***** Dataset excerpts *****

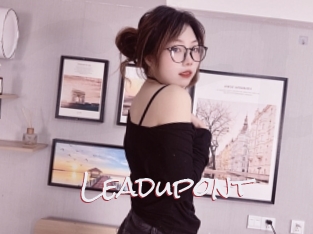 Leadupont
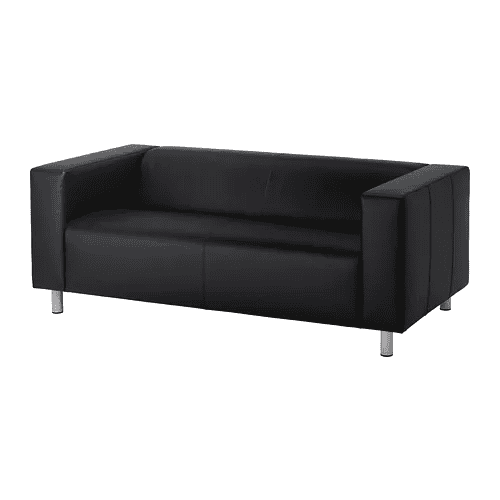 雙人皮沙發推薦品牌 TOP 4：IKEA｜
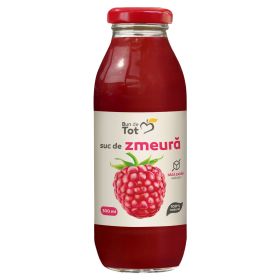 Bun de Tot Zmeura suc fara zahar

*****
***** Dataset excerpts *****

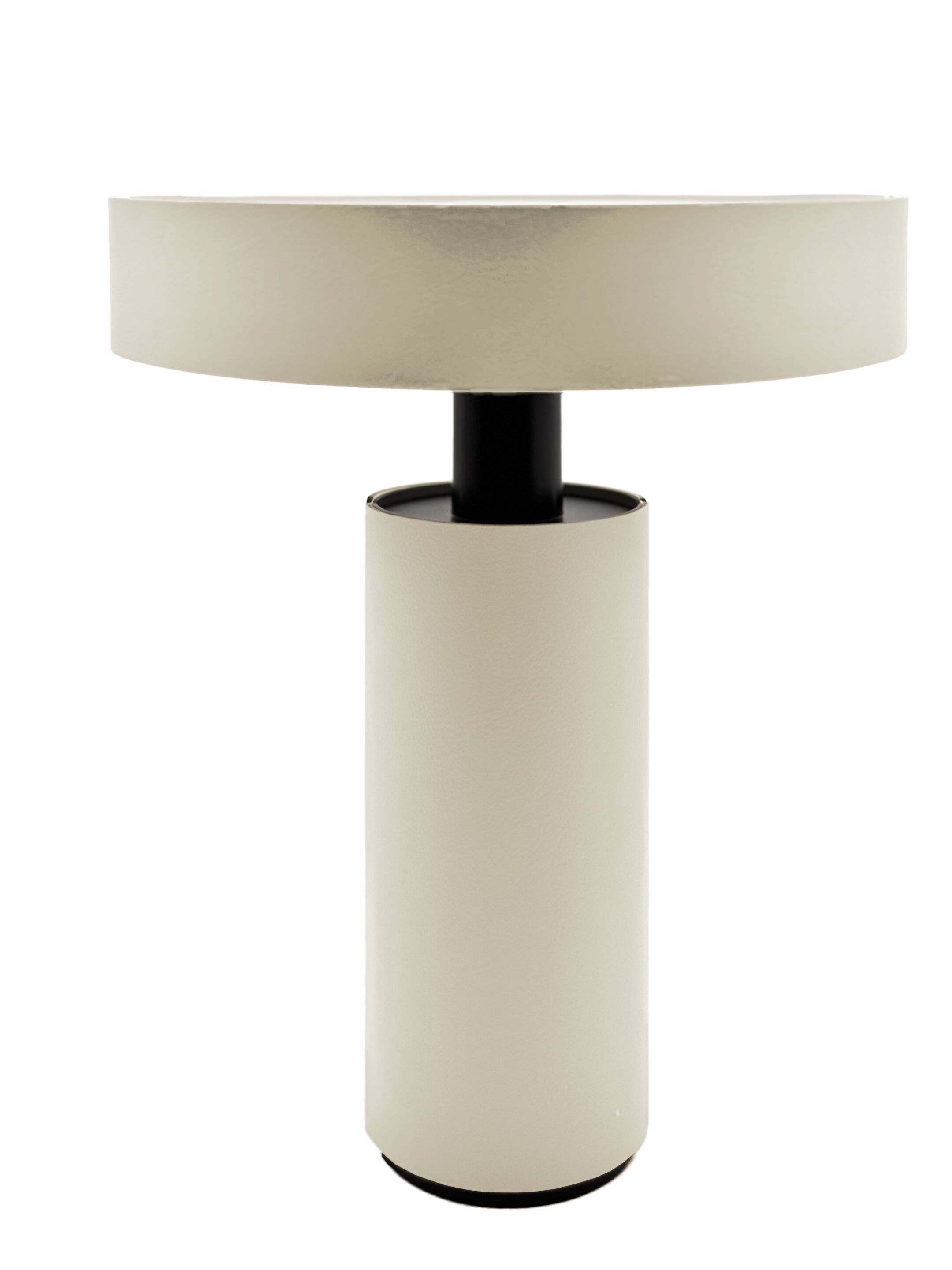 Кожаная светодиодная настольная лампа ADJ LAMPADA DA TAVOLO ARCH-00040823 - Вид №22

*****

_Problem description_. The lines to copy exactly start with the line above that has "雙人皮沙發推薦品牌 TOP 4：IKEA｜" and go on through the line that has "Bun de Tot Zmeura suc fara zahar"; please include both, add nothing else, and omit the pictures.

_Finished task_.
 雙人皮沙發推薦品牌 TOP 4：IKEA｜
 Bun de Tot Zmeura suc fara zahar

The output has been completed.